How these tracks are stored in the file is defined by the file-format. Common formats are avi, mov, ogg, mkv, mpeg, mpeg-ts, mp4, flv, vob
Each of the tracks by itself in encoded - using a Codec. Common Video-Codecs are h264, mpeg2, mpeg4, theora, mjpeg, wmv3. Audio-Codecs: mp2, mp3, dts, aac, wav/pcm.
Not all codecs can be packed into a given format. For example the 'mpeg' format is limited to mpeg2, mpeg4 and mp3 codecs (not entirely true). DVDs do have stringent limitations as well. The opposite would be .avi; pretty much every audio/video codec can be contained in an .avi file-format.

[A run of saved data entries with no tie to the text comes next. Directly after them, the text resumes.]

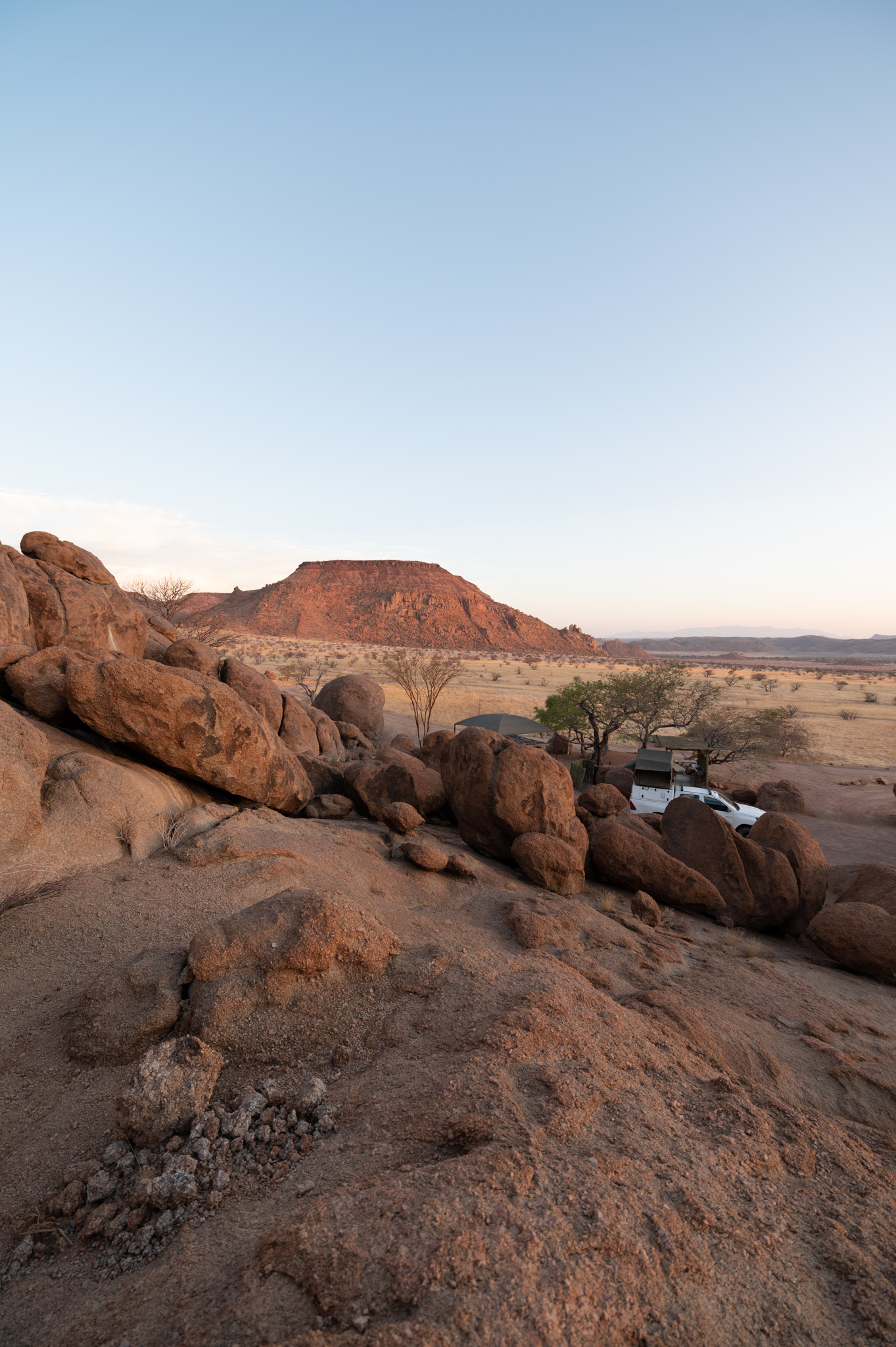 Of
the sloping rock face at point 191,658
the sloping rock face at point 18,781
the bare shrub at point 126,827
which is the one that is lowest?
the bare shrub at point 126,827

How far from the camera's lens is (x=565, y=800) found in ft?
35.9

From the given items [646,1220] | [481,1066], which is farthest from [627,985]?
Answer: [646,1220]

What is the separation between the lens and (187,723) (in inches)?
352

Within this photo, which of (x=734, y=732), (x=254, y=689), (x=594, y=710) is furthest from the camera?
(x=734, y=732)

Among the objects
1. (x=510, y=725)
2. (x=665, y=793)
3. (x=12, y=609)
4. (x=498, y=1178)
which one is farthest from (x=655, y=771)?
(x=12, y=609)

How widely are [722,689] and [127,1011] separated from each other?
2103 inches

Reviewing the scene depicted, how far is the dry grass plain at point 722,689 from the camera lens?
3325 cm

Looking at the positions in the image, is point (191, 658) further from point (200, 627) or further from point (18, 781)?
point (200, 627)

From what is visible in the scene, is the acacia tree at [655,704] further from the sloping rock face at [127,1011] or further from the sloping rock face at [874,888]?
the sloping rock face at [127,1011]

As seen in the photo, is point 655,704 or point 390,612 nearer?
point 655,704

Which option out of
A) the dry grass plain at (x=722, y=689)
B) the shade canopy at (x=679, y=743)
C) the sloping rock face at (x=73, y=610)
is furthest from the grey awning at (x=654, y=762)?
the dry grass plain at (x=722, y=689)

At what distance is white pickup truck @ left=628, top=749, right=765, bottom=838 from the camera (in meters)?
15.8

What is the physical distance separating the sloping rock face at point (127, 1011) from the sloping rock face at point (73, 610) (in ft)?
23.3

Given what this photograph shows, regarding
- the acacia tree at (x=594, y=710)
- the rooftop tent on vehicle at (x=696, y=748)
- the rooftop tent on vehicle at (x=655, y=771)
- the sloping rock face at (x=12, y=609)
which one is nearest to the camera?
the sloping rock face at (x=12, y=609) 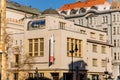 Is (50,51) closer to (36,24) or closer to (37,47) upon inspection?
(37,47)

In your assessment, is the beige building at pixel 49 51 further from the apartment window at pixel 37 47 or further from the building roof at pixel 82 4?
the building roof at pixel 82 4

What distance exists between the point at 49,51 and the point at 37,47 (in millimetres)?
2710

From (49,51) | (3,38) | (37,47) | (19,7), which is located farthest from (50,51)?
(3,38)

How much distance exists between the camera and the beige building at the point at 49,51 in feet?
175

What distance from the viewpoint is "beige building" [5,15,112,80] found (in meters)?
53.2

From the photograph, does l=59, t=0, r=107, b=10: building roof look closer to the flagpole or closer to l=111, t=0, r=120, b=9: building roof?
l=111, t=0, r=120, b=9: building roof

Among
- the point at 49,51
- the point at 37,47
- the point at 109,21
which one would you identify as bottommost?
the point at 49,51

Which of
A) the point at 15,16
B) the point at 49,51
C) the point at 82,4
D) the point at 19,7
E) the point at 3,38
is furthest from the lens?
the point at 82,4

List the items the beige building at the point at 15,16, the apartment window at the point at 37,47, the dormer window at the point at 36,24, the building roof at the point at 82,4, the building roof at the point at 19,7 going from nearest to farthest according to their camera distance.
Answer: the apartment window at the point at 37,47 → the dormer window at the point at 36,24 → the beige building at the point at 15,16 → the building roof at the point at 19,7 → the building roof at the point at 82,4

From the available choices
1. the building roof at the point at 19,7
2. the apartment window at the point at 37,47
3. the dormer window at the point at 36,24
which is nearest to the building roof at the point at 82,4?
the building roof at the point at 19,7

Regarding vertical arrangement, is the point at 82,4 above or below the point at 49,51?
above

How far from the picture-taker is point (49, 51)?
53.8 meters

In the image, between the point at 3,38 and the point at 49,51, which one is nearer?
the point at 3,38

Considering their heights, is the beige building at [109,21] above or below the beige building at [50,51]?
above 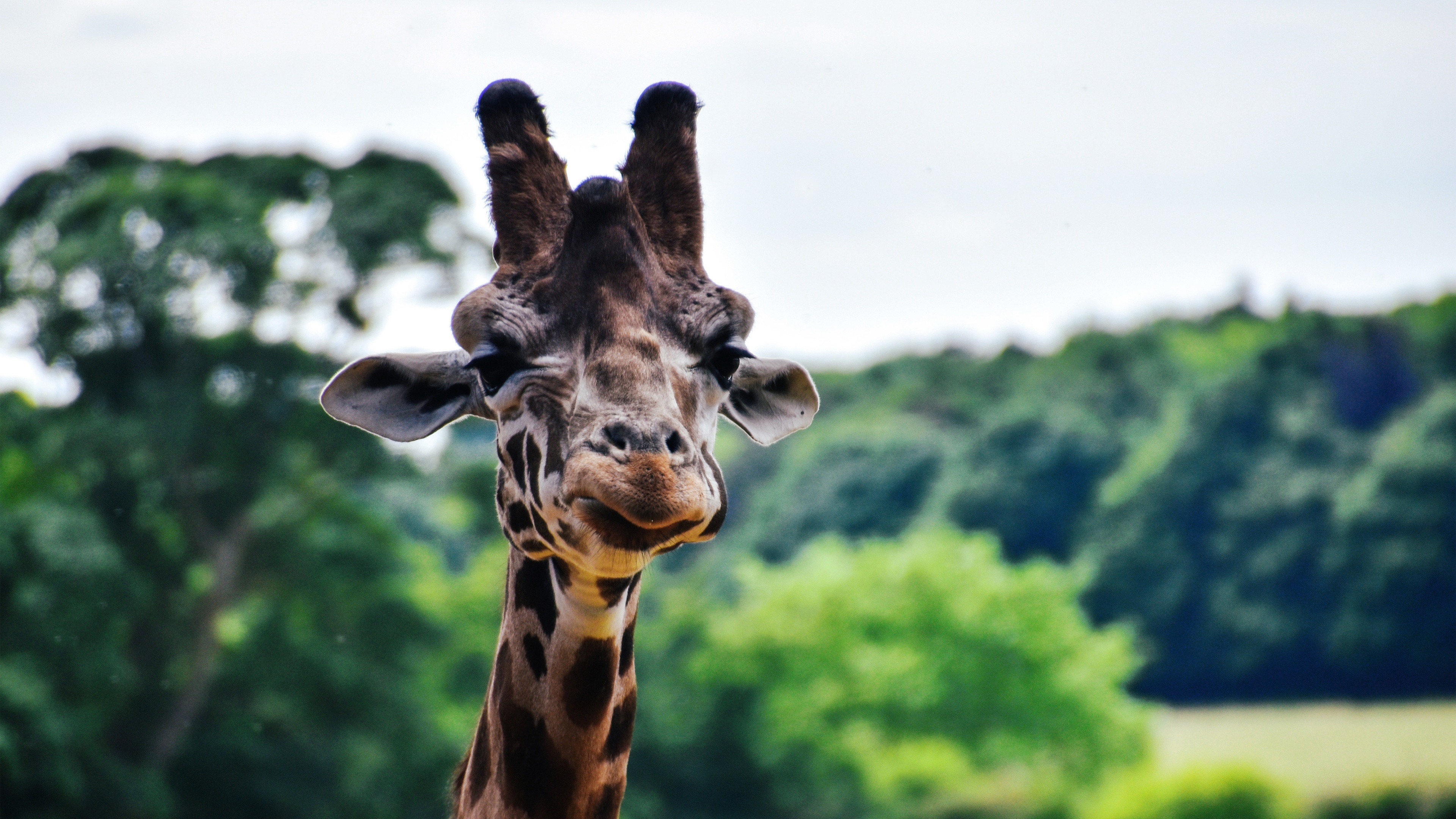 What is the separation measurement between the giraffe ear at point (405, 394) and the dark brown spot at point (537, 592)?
21.2 inches

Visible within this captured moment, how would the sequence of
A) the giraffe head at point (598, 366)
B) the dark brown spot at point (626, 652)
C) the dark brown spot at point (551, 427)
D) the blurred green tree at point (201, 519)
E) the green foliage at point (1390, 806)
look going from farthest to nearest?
the green foliage at point (1390, 806), the blurred green tree at point (201, 519), the dark brown spot at point (626, 652), the dark brown spot at point (551, 427), the giraffe head at point (598, 366)

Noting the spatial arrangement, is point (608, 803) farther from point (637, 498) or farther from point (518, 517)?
point (637, 498)

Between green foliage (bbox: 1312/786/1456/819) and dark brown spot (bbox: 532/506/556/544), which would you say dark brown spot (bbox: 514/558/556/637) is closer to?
dark brown spot (bbox: 532/506/556/544)

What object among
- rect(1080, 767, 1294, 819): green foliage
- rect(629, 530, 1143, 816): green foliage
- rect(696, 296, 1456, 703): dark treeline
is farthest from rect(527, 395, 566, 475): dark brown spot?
rect(696, 296, 1456, 703): dark treeline

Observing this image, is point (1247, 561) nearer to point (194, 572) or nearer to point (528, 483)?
point (194, 572)

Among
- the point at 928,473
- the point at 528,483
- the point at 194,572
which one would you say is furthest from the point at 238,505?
the point at 928,473

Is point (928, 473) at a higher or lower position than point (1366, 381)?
lower

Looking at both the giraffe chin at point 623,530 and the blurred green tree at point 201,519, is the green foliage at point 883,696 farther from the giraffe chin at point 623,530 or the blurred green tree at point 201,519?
the giraffe chin at point 623,530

To make things worse, naming conventions for video codecs and formats are often identical (esp mpeg ones) which leads to confusion. All in all it is a very wide and deep field. Suffice there are different uses for different codecs and formats.
Ardour supports a wide variety of video file-formats and video-codecs. More specifically, ardour actually does not support any video at all but delegates handling of video to ffmpeg which supports over 350 different video-codecs and more than 250 file-formats.

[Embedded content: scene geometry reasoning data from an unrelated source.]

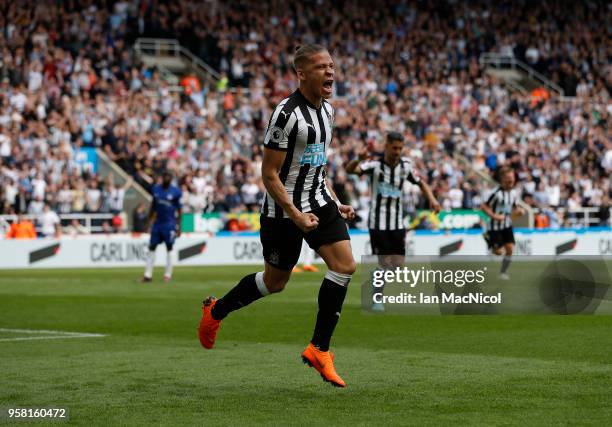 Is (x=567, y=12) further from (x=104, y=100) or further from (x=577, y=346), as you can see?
(x=577, y=346)

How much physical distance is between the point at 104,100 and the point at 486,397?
28.7m

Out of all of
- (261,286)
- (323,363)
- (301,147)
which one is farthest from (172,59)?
(323,363)

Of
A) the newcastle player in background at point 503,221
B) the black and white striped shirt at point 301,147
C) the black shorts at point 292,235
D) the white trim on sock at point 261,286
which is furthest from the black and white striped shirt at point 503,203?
the black and white striped shirt at point 301,147

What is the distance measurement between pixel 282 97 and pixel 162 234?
16652 mm

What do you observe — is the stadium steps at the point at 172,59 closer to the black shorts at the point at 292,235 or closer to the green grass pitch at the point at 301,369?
the green grass pitch at the point at 301,369

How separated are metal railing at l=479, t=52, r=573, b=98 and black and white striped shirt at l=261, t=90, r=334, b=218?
40.3 meters

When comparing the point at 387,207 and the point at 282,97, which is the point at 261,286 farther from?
the point at 282,97

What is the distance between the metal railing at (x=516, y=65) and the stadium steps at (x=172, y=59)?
12230mm

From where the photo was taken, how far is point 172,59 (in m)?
41.6

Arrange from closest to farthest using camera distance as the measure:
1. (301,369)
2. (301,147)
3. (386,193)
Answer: (301,147) < (301,369) < (386,193)

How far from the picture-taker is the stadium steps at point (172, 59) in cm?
4109

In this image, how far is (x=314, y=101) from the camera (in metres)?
8.88

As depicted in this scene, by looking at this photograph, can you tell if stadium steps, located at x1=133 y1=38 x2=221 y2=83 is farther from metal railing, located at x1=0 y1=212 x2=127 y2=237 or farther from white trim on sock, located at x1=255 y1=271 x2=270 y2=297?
white trim on sock, located at x1=255 y1=271 x2=270 y2=297

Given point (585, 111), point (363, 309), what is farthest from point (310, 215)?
point (585, 111) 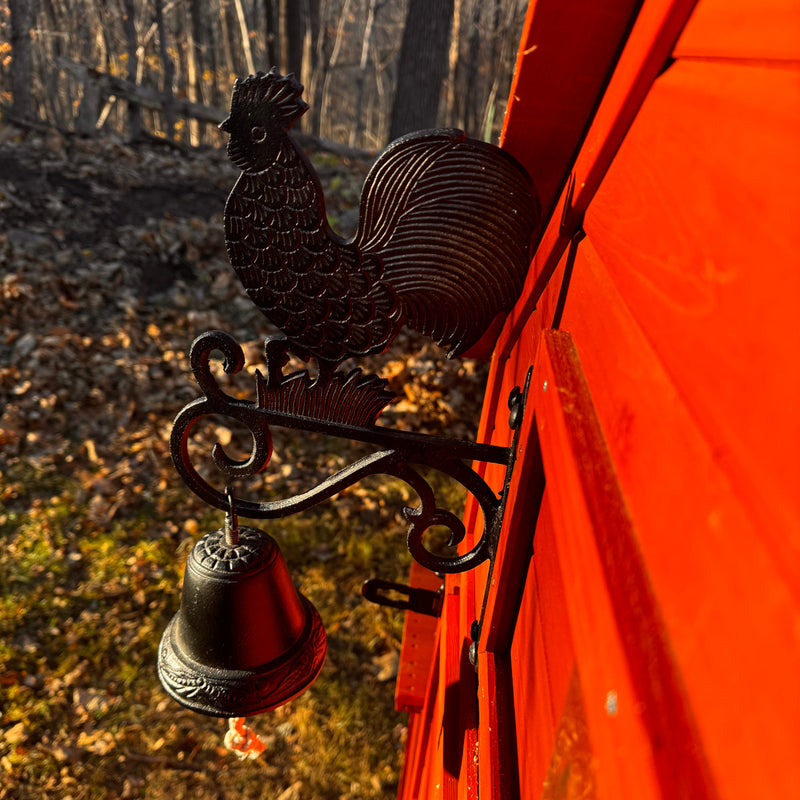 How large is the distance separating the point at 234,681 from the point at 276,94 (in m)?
1.41

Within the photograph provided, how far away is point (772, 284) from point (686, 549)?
0.20 metres

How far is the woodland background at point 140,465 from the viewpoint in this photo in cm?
358

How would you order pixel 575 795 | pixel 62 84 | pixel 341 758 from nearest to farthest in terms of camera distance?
pixel 575 795, pixel 341 758, pixel 62 84

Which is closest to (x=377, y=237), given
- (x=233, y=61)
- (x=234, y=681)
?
(x=234, y=681)

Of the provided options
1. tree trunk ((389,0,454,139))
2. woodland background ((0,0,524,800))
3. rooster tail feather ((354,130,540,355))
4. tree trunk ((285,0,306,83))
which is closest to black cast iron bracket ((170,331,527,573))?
rooster tail feather ((354,130,540,355))

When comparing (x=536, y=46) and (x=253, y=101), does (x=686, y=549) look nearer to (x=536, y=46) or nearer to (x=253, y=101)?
(x=536, y=46)

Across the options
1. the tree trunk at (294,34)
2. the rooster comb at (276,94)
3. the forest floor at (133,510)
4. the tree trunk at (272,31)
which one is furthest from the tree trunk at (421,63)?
the rooster comb at (276,94)

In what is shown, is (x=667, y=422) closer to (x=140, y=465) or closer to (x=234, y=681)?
(x=234, y=681)

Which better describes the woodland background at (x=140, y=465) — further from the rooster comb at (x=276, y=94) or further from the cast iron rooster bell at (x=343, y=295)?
the rooster comb at (x=276, y=94)

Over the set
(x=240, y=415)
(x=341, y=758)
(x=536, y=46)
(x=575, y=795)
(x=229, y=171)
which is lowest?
(x=341, y=758)

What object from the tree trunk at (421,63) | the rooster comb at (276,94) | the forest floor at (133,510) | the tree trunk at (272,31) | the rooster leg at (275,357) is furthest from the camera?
the tree trunk at (272,31)

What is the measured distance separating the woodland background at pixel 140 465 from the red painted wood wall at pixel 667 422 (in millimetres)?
3192

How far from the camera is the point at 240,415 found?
1393 millimetres

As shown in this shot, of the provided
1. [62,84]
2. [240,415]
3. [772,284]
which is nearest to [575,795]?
[772,284] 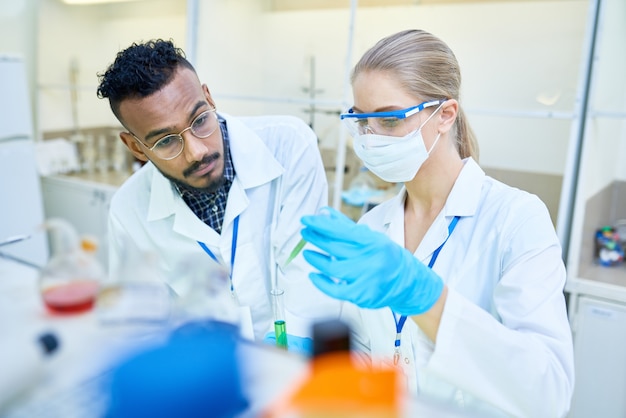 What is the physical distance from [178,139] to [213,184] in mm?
197

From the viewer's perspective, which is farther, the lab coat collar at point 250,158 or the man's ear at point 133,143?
the lab coat collar at point 250,158

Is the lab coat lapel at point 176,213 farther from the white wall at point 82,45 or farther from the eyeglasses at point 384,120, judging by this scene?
the white wall at point 82,45

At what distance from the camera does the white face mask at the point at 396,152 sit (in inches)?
50.0

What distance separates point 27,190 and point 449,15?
3302mm

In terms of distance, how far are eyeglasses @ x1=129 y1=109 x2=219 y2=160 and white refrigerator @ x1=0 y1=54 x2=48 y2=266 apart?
8.67ft

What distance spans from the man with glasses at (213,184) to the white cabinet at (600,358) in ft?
4.47

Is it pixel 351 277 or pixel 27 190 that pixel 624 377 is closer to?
pixel 351 277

When importing a video into ardour, it will be transcoded (transcoding: change from one format and codec to another) to avi/mjpeg for internal use (this allows reliable seeking to frames at low CPU cost - the file-size will increase, but hard-disks are large and fast).
The export dialog includes presets for common format & codec combinations (such as DVD, web-video,..). If in doubt use one of the presets.
As last note: Every time a video is transcoded the quality can only get worse. Hence for the final mastering/muxing process always to back to the original source of the video.